There are other court decisions funded by this budget line item where the Federal Government wasn’t a party to the litigation. They include: Lac Courte Oreilles v. Voigt, Minnesota v. Mille Lacs and Grand Portage v. Minnesota. Federal funding is necessary for these cases as well, because the tribes must comply with court orders in order to exercise the rights they protected under treaties with the Federal Government.
The RPI line item provides tribes with the funding they need to meet court-ordered requirements in exercising treaty rights. In many cases, the Federal Government agreed to those requirements on tribes’ behalf (or nudged tribes to accept those requirements).

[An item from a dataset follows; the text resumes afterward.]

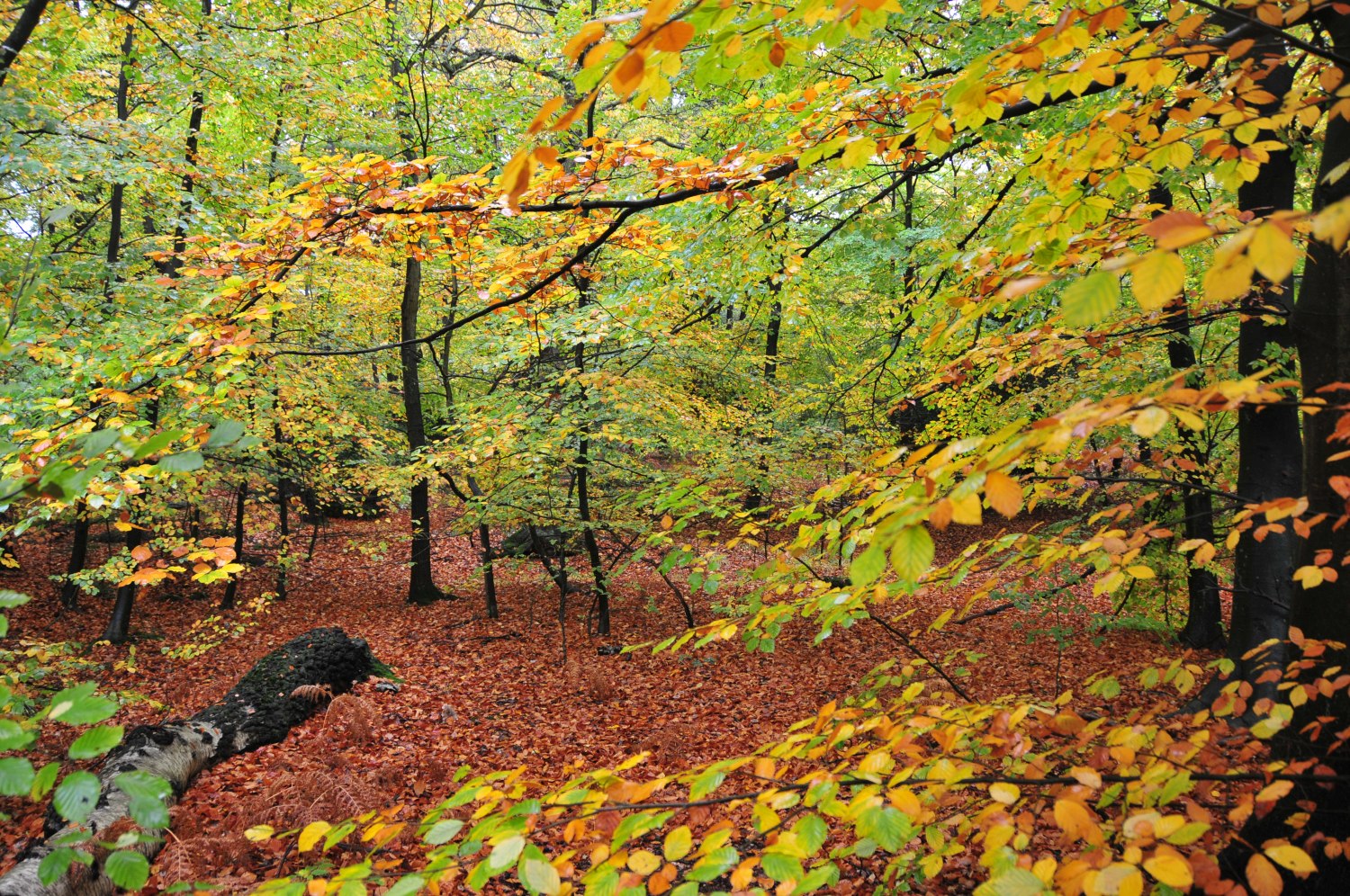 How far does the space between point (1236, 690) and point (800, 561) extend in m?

This funding is necessary for tribes to continue to be able to exercise the treaty rights they reserved and, later, fought to protect in court.
Now that you have a basic understanding of the purpose of this funding, we can begin to understand the impact of the President’s proposed budget cuts.
President Trump has proposed to cut this line item by a whopping 24%. At any level of government, a 10% budget cut would be considered drastic. Cuts at this level – especially when paired with budget cuts to law enforcement, conservation, wildlife, etc. – will impair the ability of tribes to fully implement their treaty rights. If tribes cannot comply with those court orders their treaty rights are put into jeopardy. So are real jobs.
Tribal treaty rights protect more than cultural and spiritual values, which are invaluable in their own right. They protect the ability of tribal members to earn a living. They also benefit the economy in areas around Indian country in the Great Lakes and the Pacific Northwest.
In Michigan alone, there are 209 tribal fishermen who are licensed to fish under the 1836 Treaty of Washington and the court orders in United States v. Michigan. In economically depressed areas like northern Michigan, these can be good-paying jobs (albeit, demanding and dangerous jobs). Those fishermen buy gas, gear, and goods for their operations at local stores, and their catch is bought by restaurants and markets across the region.
Treaty rights are economic rights. As the Supreme Court stated in the 1905 case of United States v. Winans, those rights “were not much less necessary to the existence of the Indians than the atmosphere they breathed.”
The 2000 consent decree in United States v. Michigan expires in 2020 – just three years from now. The Federal Government and the tribes must negotiate a new agreement with the State of Michigan to take its place. A 24% funding cut to Rights Protection Implementation will hurt the ability of tribes to collect the data necessary to protect their interests in those negotiations. It will also affect conservation enforcement activities, which will subject the tribes to claims that they aren’t fulfilling their end of the bargain. At the end of the day, this will lead to job losses and economic damage in an area of the country that voted for the President.
The RPI funding item in the Federal Budget lies at the heart of the relationship between the Federal Government and Indian tribes because it deals directly with the exercise of treaty rights.
The Federal Government agreed that Indian tribes should take a lead in managing the resource for current and future generations in exercising those rights, but now seeks to frustrate the ability of tribes to fulfill those obligations through a 24% funding cut (much in the same way the President has proposed dramatic cuts to contract support cost funding for tribes). And, in Michigan at least, this proposed cut comes at a time when tribes are preparing to negotiate a new consent decree to protect treaty rights and jobs.
Congress must act to protect this funding. Doing so will protect jobs, resources, and rights for thousands of people across the United States.